▸ WHAT YOU WILL DO:
Find "Free People Denim" and "HERE&NOW Women Mustard" in the records below. Copy the lines holding them and every line between, exactly, and no others.

▸ DATA:
Content starts
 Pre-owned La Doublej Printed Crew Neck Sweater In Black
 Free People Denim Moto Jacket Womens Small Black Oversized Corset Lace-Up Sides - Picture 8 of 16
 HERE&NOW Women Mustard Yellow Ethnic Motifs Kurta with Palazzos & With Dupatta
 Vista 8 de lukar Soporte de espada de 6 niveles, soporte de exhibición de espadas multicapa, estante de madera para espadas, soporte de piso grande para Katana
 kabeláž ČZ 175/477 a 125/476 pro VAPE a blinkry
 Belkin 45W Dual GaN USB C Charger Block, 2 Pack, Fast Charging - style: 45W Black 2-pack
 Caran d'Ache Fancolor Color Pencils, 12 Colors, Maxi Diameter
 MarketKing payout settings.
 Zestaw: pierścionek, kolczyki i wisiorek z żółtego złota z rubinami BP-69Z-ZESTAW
Content ends
Content starts
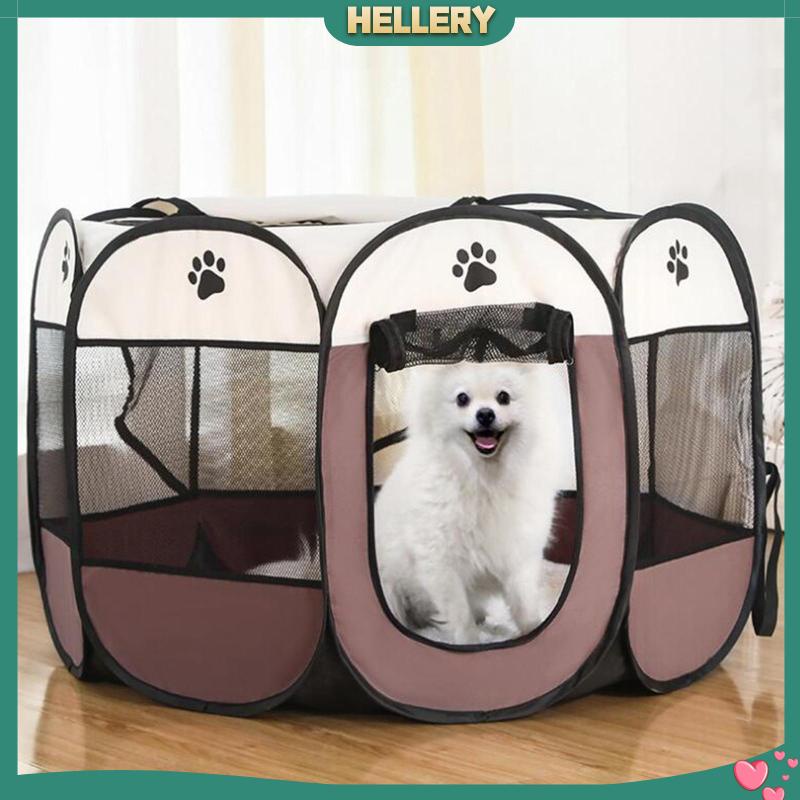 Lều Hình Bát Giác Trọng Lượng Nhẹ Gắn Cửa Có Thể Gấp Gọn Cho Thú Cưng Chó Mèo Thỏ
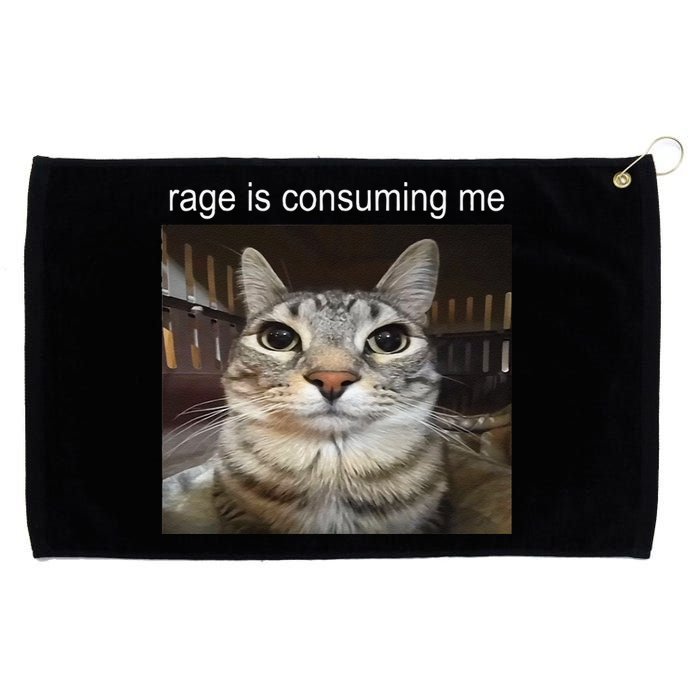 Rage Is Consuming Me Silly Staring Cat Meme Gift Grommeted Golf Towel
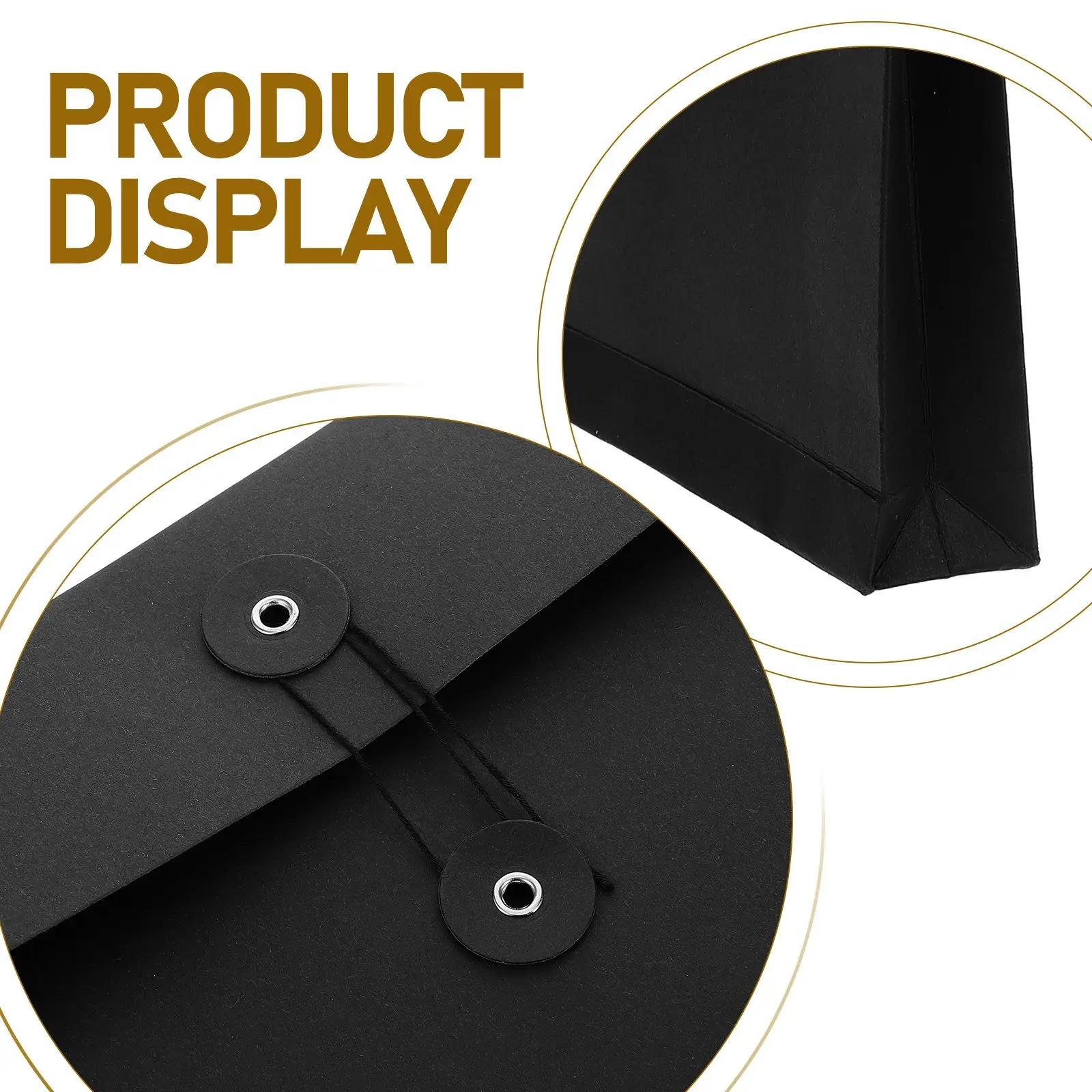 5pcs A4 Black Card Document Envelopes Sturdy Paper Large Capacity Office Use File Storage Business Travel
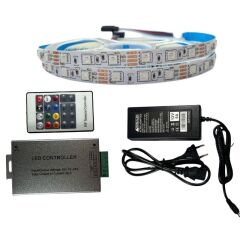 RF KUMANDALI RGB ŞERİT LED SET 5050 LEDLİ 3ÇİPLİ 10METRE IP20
Content ends
Content starts
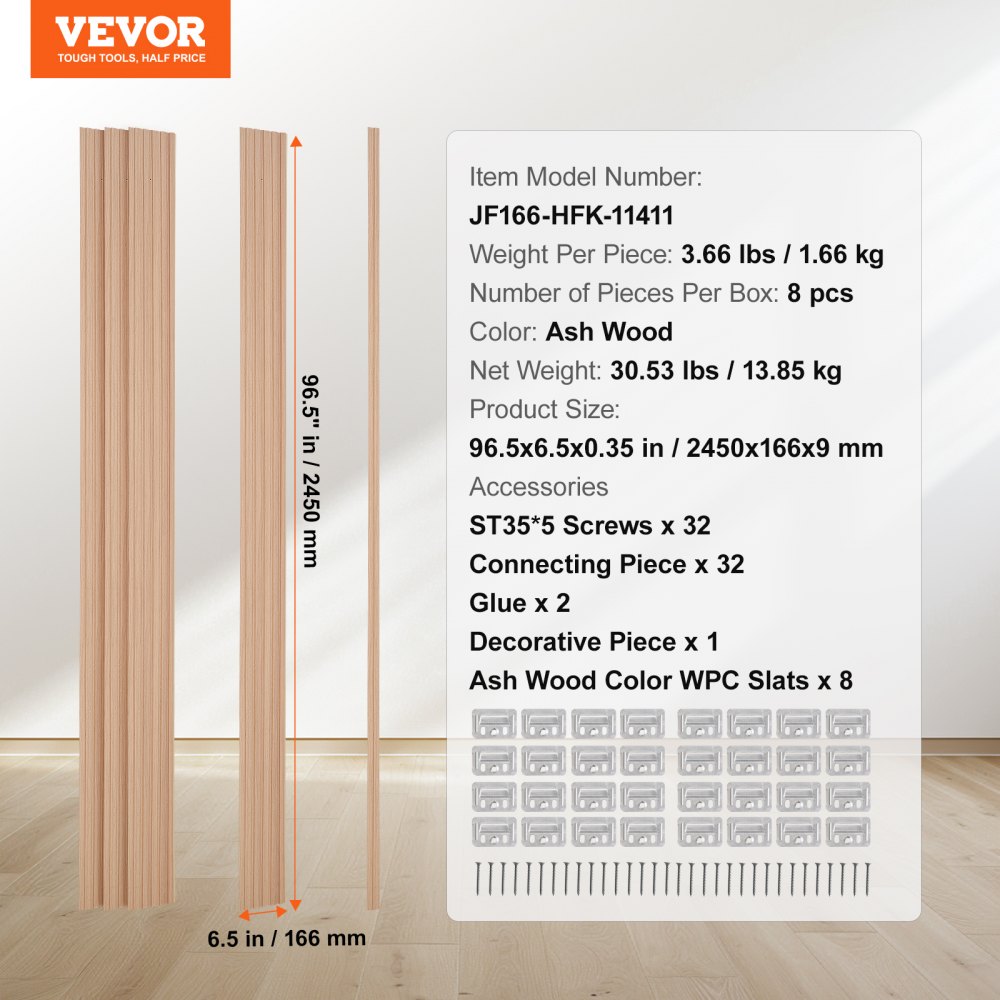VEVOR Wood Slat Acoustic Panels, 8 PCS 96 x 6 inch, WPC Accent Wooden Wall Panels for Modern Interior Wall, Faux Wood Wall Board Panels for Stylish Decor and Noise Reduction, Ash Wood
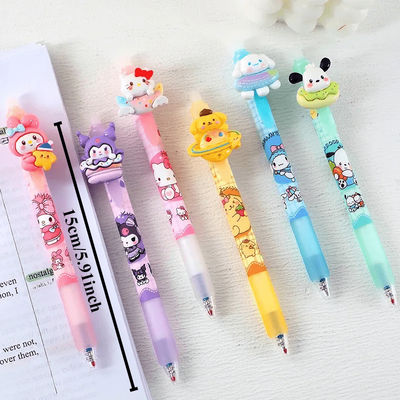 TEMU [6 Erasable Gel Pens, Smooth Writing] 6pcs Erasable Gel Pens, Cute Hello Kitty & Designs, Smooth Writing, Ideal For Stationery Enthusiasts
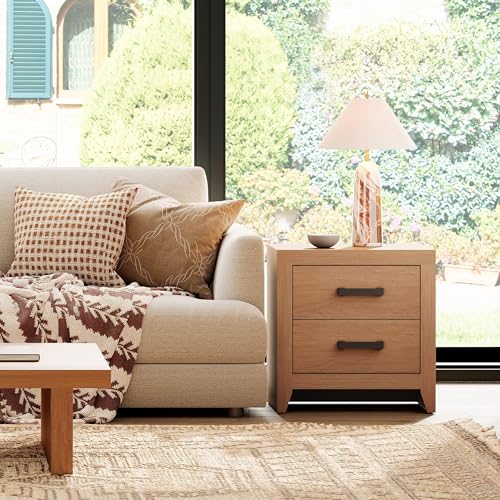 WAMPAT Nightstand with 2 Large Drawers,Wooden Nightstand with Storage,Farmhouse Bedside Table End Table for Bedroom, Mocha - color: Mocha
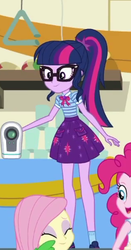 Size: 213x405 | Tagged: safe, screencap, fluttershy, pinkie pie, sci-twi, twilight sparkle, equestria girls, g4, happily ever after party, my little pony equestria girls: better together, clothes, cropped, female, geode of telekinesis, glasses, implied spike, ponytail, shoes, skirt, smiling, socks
Content ends
▸ SOLUTION TO THE EXERCISE:
 Free People Denim Moto Jacket Womens Small Black Oversized Corset Lace-Up Sides - Picture 8 of 16
 HERE&NOW Women Mustard Yellow Ethnic Motifs Kurta with Palazzos & With Dupatta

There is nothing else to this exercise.